GIVEN DATA Start Marker

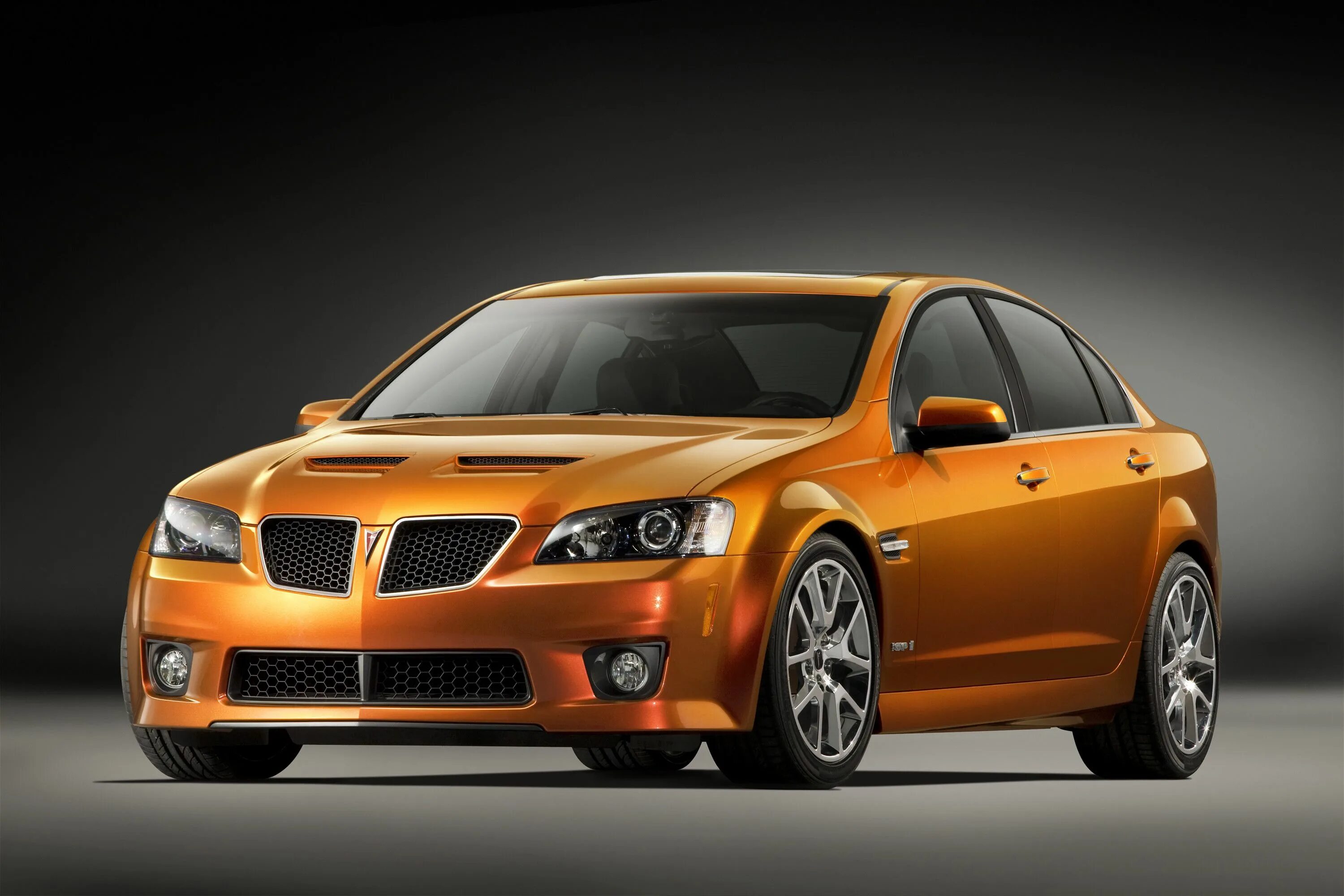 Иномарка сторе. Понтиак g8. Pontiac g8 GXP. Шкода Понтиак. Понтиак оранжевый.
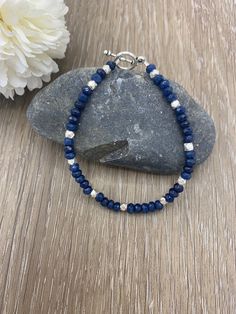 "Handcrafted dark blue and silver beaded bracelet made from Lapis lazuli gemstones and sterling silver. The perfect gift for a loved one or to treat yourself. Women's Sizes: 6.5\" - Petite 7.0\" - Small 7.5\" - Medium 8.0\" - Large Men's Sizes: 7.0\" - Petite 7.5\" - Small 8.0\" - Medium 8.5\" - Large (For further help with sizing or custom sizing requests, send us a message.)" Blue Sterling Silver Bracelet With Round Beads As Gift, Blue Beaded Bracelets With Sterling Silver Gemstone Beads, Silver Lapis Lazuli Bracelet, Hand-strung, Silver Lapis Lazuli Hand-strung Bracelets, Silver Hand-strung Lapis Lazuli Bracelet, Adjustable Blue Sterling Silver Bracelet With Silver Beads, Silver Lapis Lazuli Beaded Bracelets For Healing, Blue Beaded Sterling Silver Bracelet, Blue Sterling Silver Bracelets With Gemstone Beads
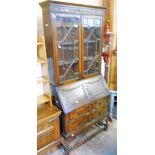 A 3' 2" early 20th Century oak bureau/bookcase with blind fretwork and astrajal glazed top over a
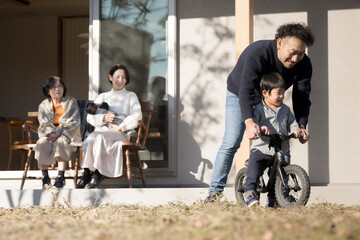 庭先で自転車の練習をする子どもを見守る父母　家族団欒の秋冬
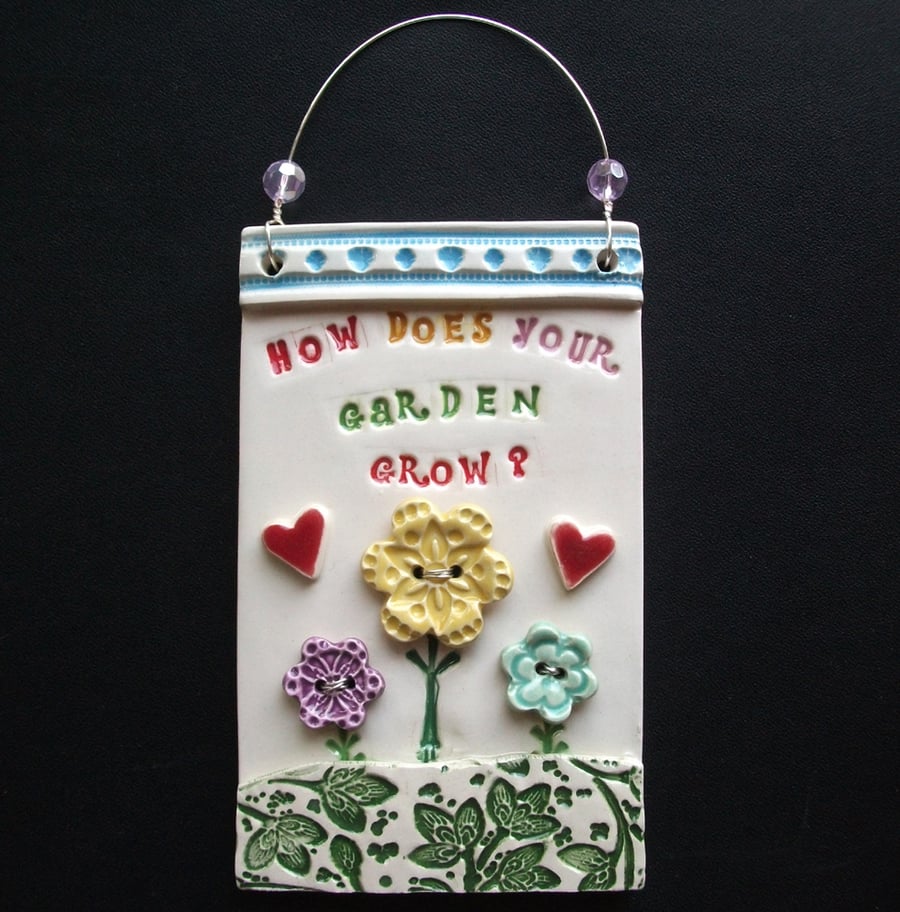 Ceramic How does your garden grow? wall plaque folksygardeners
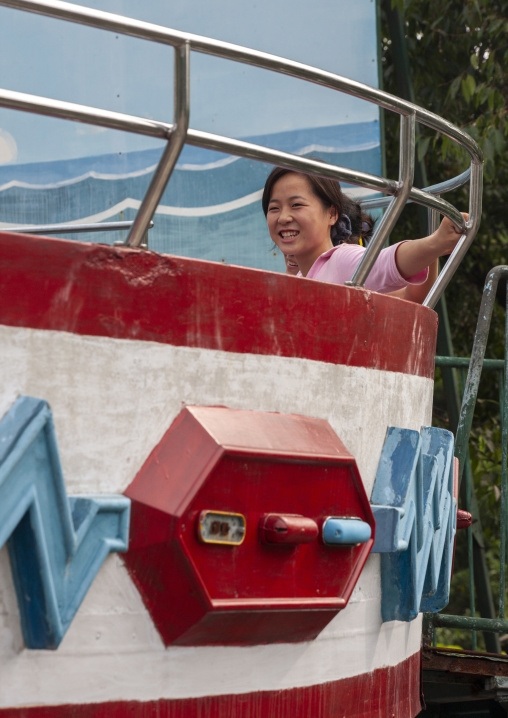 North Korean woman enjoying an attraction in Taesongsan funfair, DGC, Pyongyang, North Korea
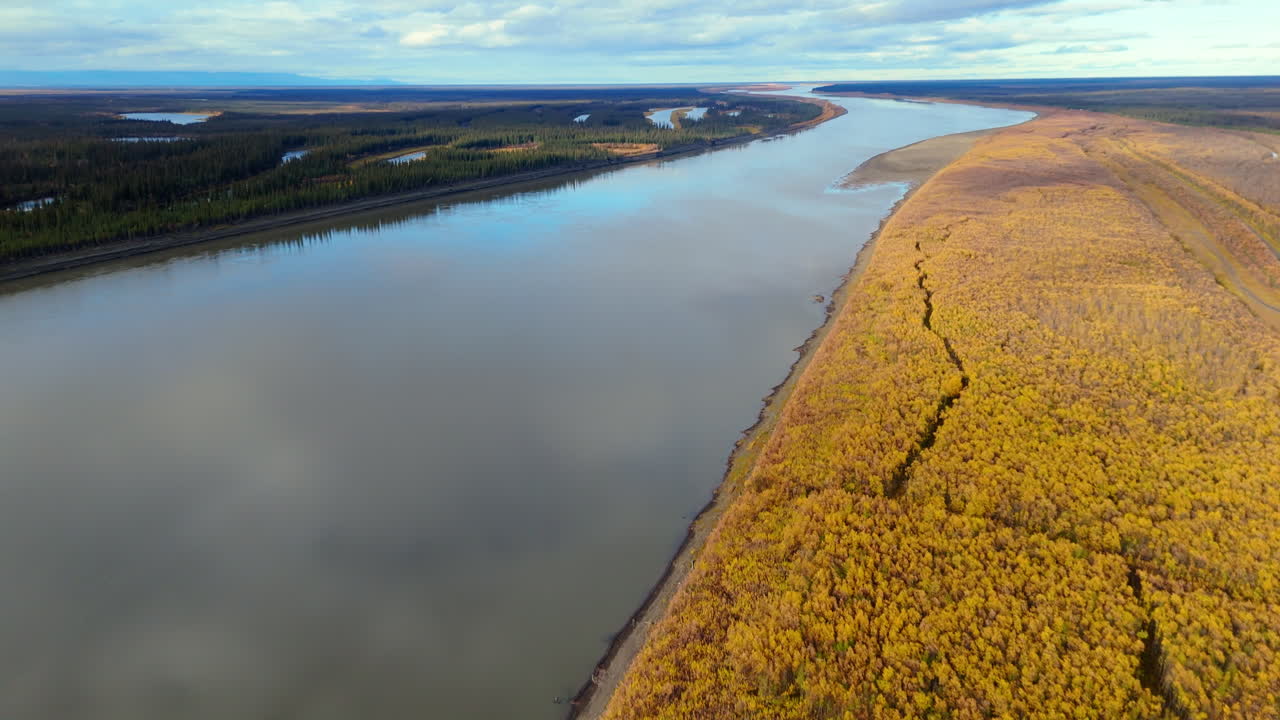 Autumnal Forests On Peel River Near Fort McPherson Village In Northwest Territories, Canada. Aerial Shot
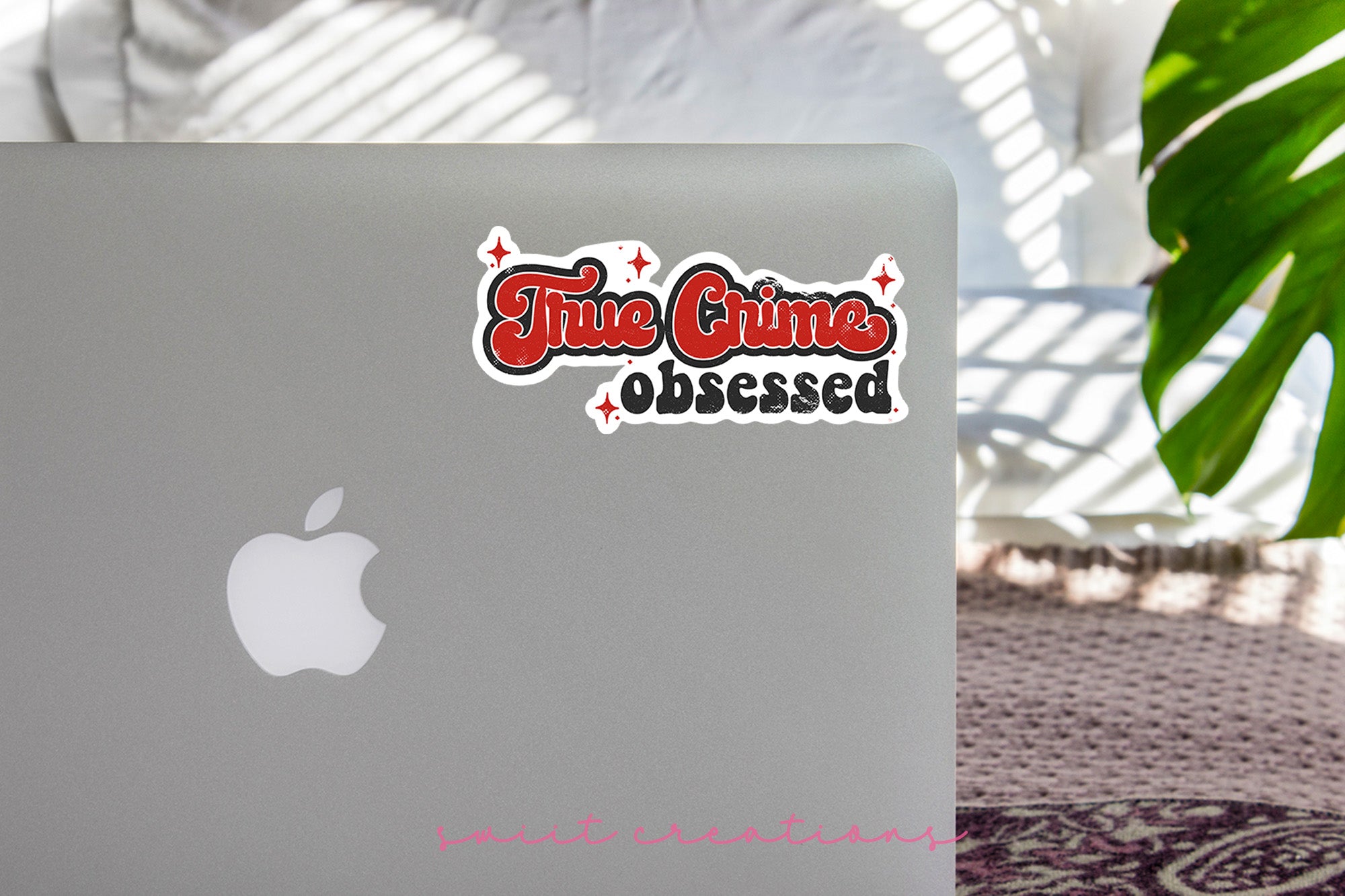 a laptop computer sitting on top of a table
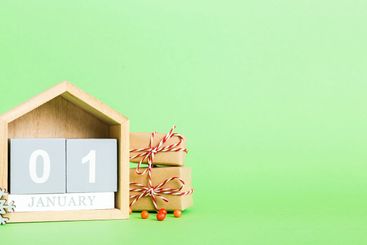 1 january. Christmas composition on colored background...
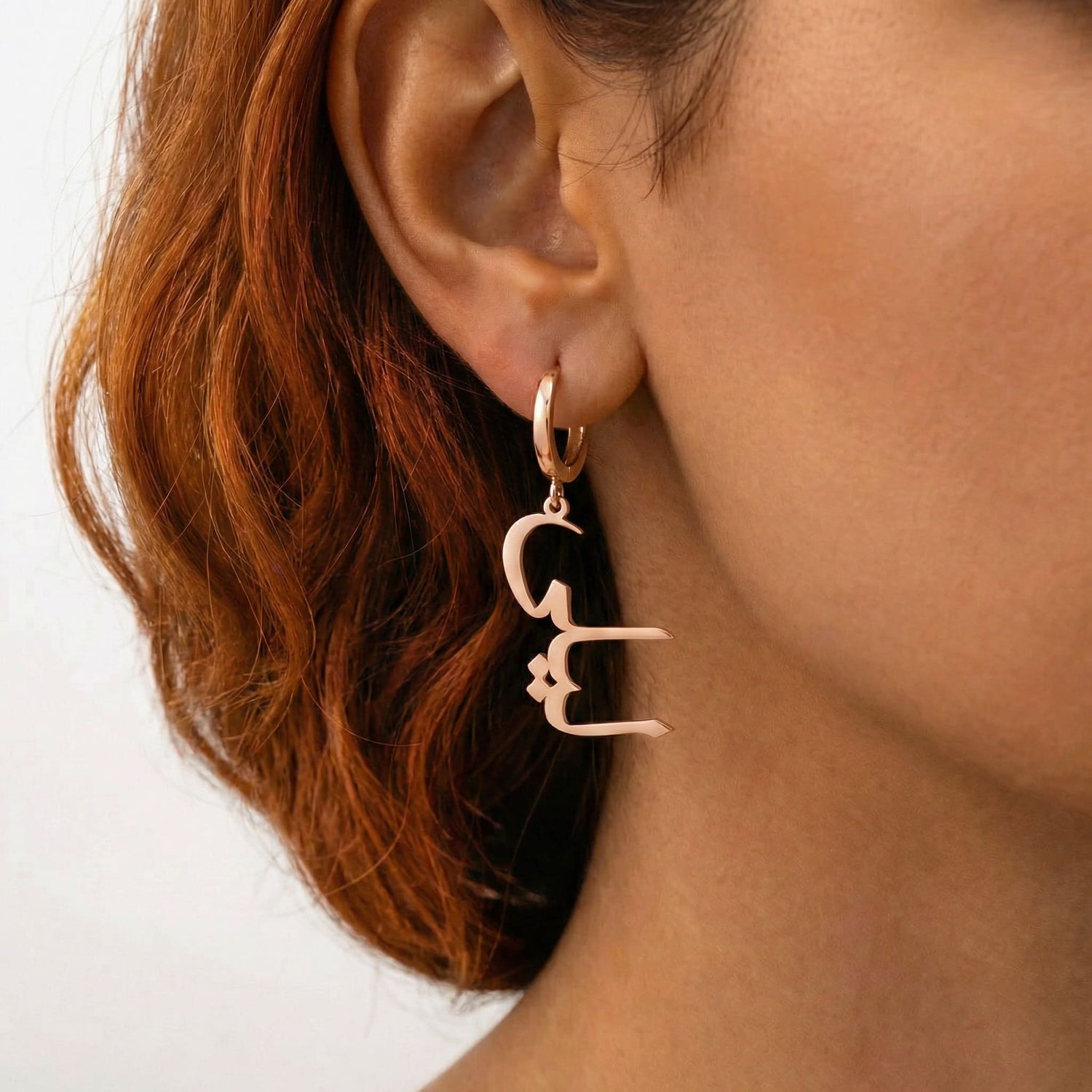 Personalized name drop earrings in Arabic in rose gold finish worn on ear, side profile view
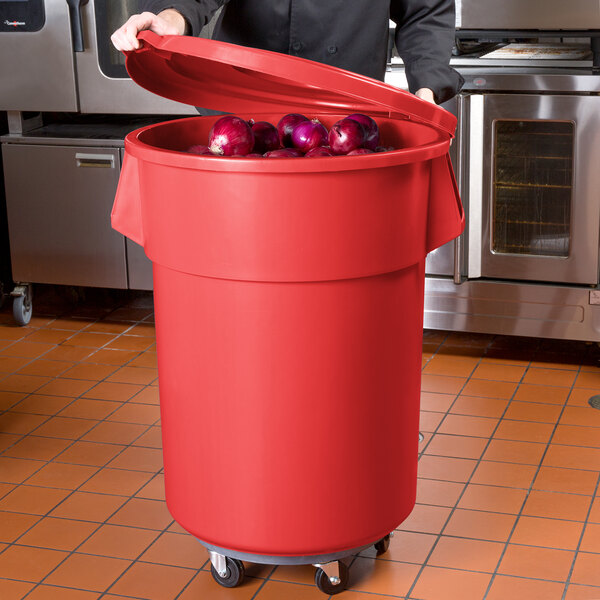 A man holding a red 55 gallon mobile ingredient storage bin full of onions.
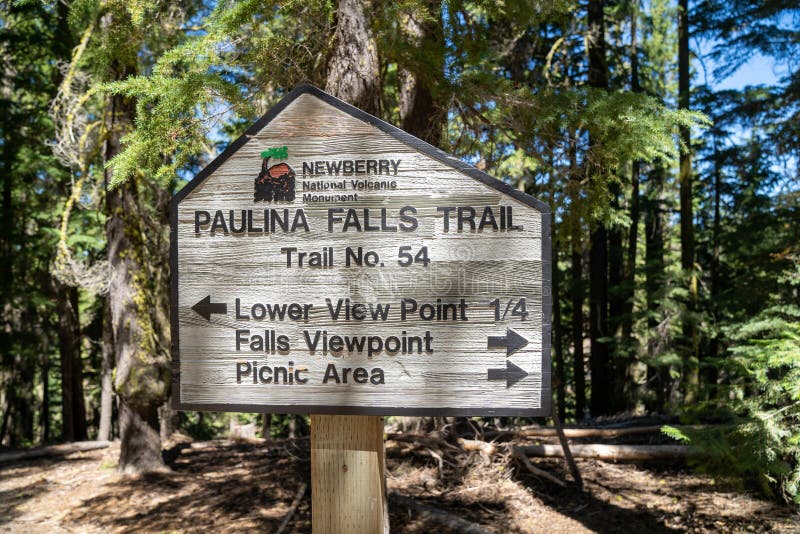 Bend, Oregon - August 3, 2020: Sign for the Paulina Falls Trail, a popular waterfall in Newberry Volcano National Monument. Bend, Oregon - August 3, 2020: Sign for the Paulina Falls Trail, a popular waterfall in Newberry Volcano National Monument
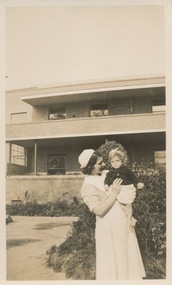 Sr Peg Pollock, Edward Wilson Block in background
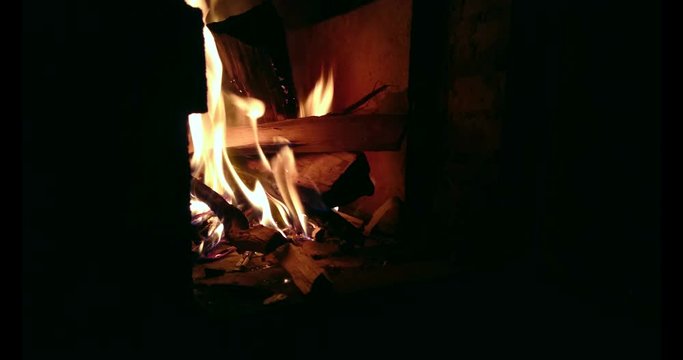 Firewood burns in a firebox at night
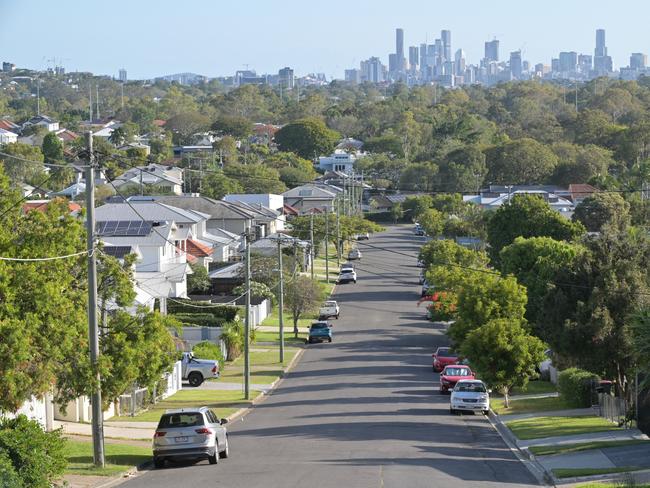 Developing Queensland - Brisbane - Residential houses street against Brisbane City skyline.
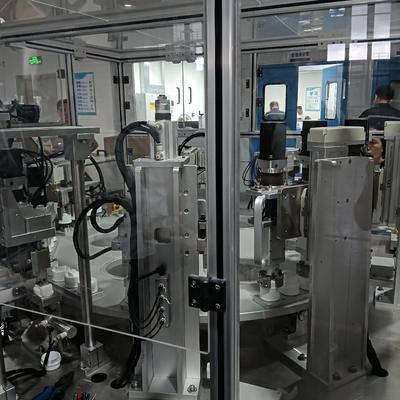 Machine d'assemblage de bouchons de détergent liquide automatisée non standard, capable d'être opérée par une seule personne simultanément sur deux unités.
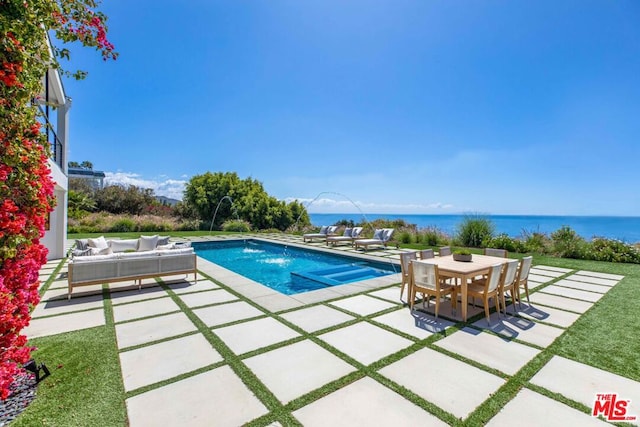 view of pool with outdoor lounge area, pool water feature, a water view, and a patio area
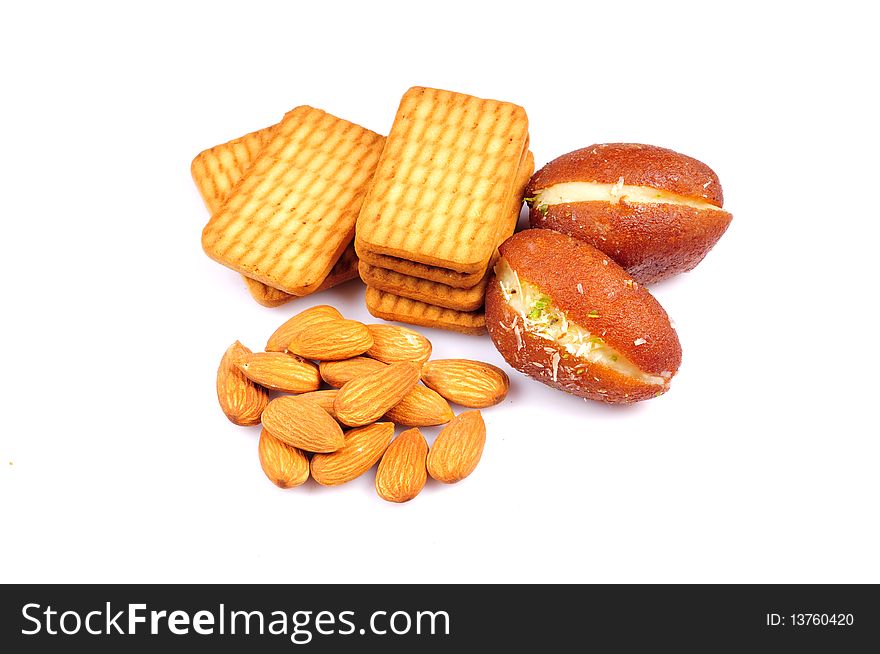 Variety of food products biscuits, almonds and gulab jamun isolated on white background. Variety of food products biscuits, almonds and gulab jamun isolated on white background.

GIVEN DATA End Marker

## WORK REQUEST
Without the pictures, repeat the entries above line by line, from the first through the one that contains "With Gemstone Beads", both ends included.

## SOLUTION FOR THIS PROBLEM
 Иномарка сторе. Понтиак g8. Pontiac g8 GXP. Шкода Понтиак. Понтиак оранжевый.
 "Handcrafted dark blue and silver beaded bracelet made from Lapis lazuli gemstones and sterling silver. The perfect gift for a loved one or to treat yourself. Women's Sizes: 6.5\" - Petite 7.0\" - Small 7.5\" - Medium 8.0\" - Large Men's Sizes: 7.0\" - Petite 7.5\" - Small 8.0\" - Medium 8.5\" - Large (For further help with sizing or custom sizing requests, send us a message.)" Blue Sterling Silver Bracelet With Round Beads As Gift, Blue Beaded Bracelets With Sterling Silver Gemstone Beads, Silver Lapis Lazuli Bracelet, Hand-strung, Silver Lapis Lazuli Hand-strung Bracelets, Silver Hand-strung Lapis Lazuli Bracelet, Adjustable Blue Sterling Silver Bracelet With Silver Beads, Silver Lapis Lazuli Beaded Bracelets For Healing, Blue Beaded Sterling Silver Bracelet, Blue Sterling Silver Bracelets With Gemstone Beads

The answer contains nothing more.